--- Given information ---

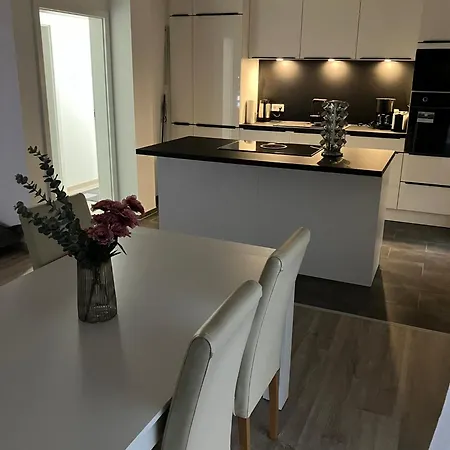 شقة Moderne Einliegerwohnung Naehe Ingolstadt Und Bad Goegging *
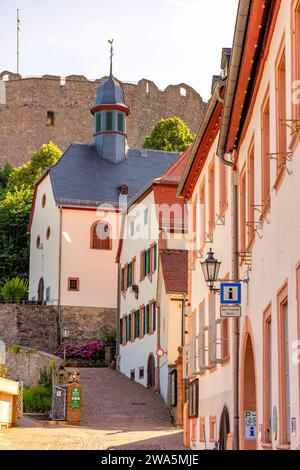 Case storiche della città e chiesa all'ingresso del castello di Lindenfels nell'Odenwald, Germania Foto Stock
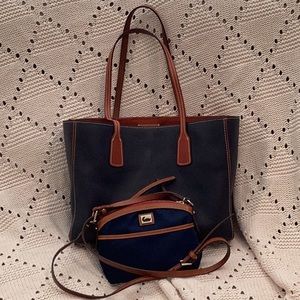 Dooney & Bourke navy tote and crossbody set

---

* Work order
An exact reproduction of the data is required, with pictures excluded.

* Answer area
 شقة Moderne Einliegerwohnung Naehe Ingolstadt Und Bad Goegging *
 Case storiche della città e chiesa all'ingresso del castello di Lindenfels nell'Odenwald, Germania Foto Stock
 Dooney & Bourke navy tote and crossbody set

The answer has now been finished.